* [What this task involves] Set down the full listing below word for word; pictures stay out of the copy.

* [Data block]
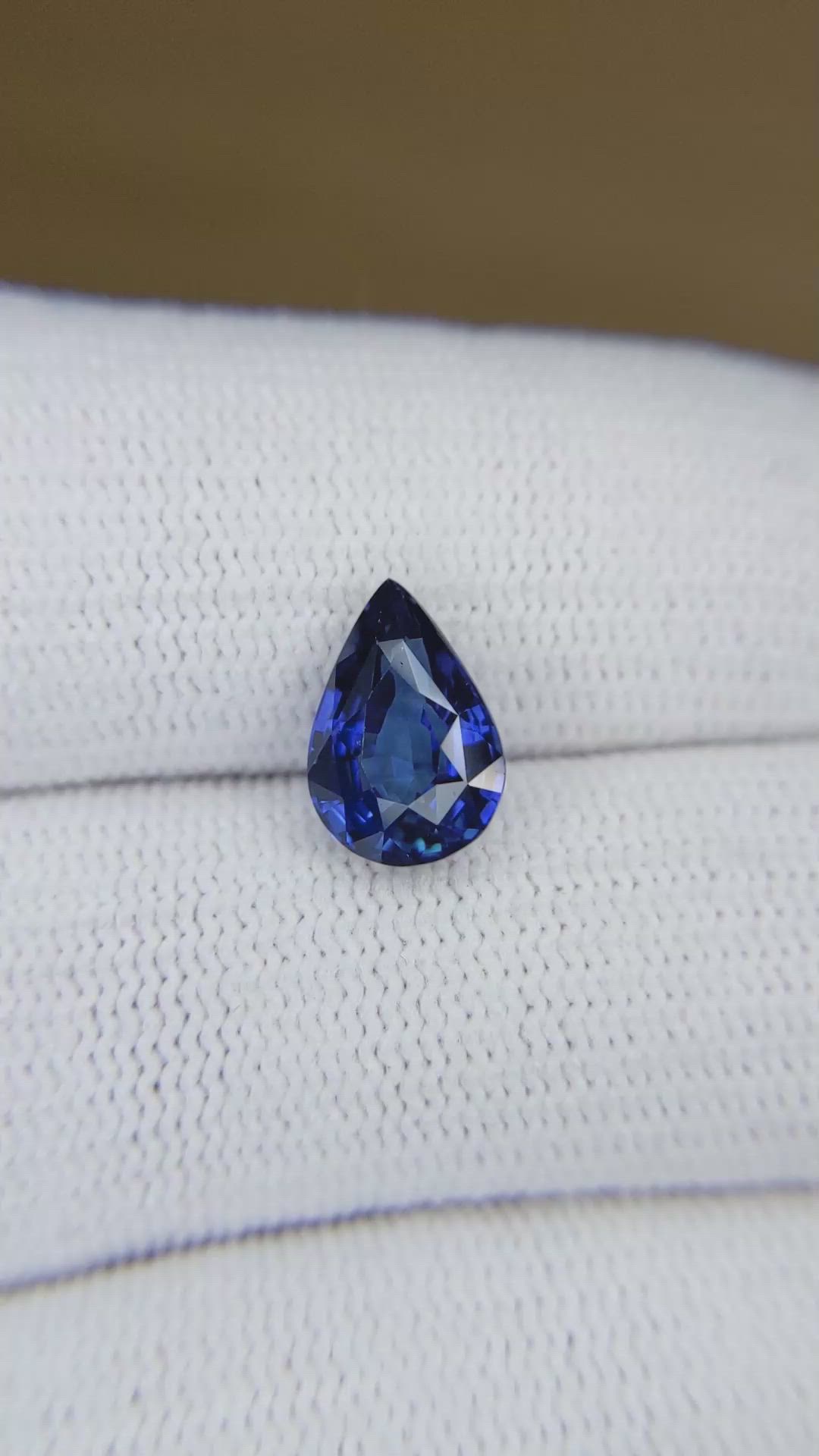 2.78 Ct. Blue Sapphire from Ceylon (Sri Lanka) Size Video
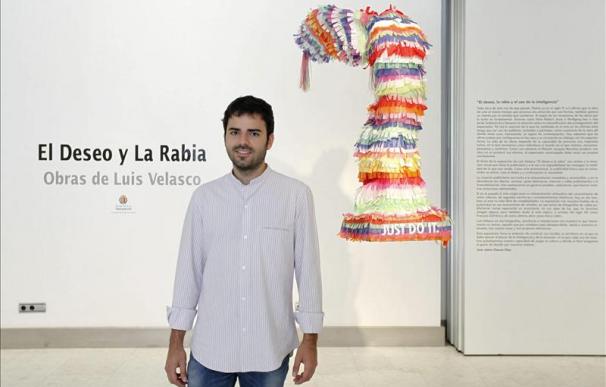 El artista vallisoletano Luis Velasco expone sobre la atracción y la frustración de la publicidad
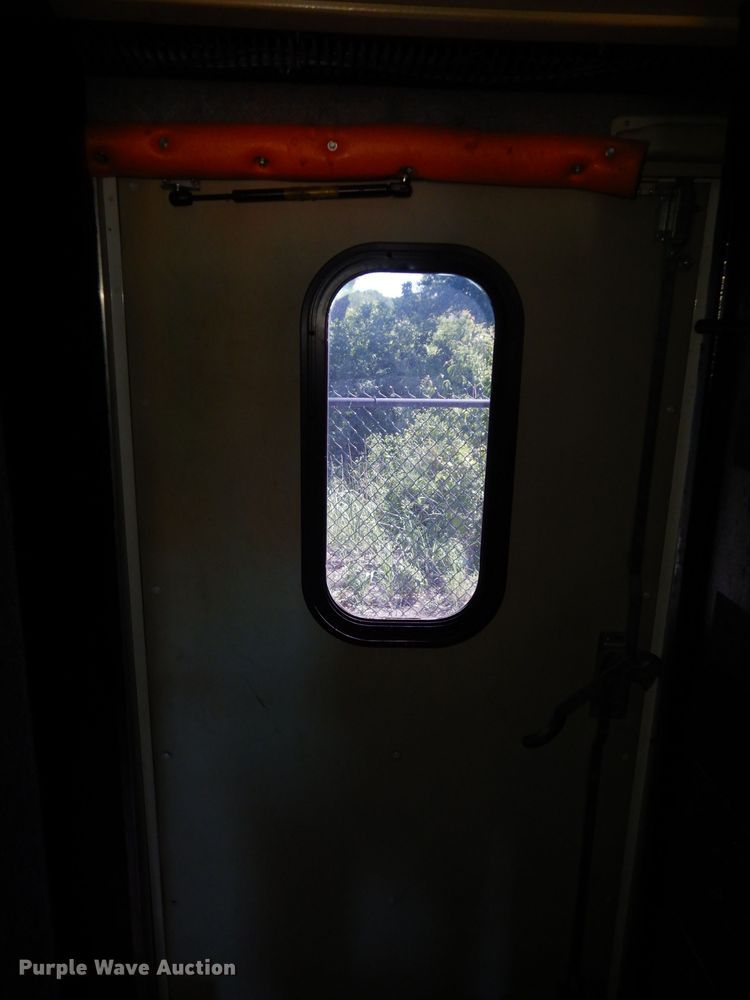 image for item DF4038 1997 Freightliner  RV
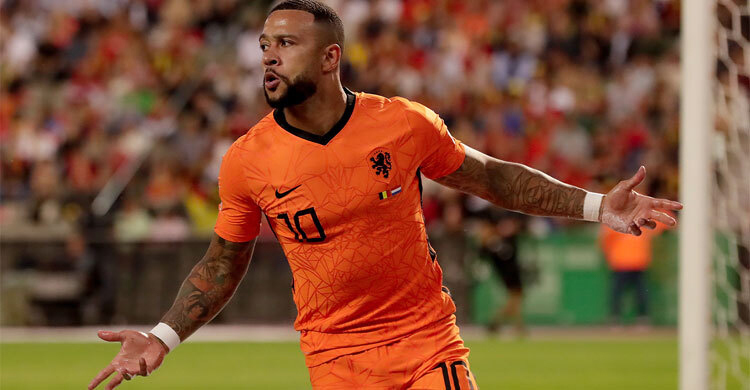 Dutch thrash Belgium after Lukaku injury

* [Result for this task]
 2.78 Ct. Blue Sapphire from Ceylon (Sri Lanka) Size Video
 El artista vallisoletano Luis Velasco expone sobre la atracción y la frustración de la publicidad
 image for item DF4038 1997 Freightliner  RV
 Dutch thrash Belgium after Lukaku injury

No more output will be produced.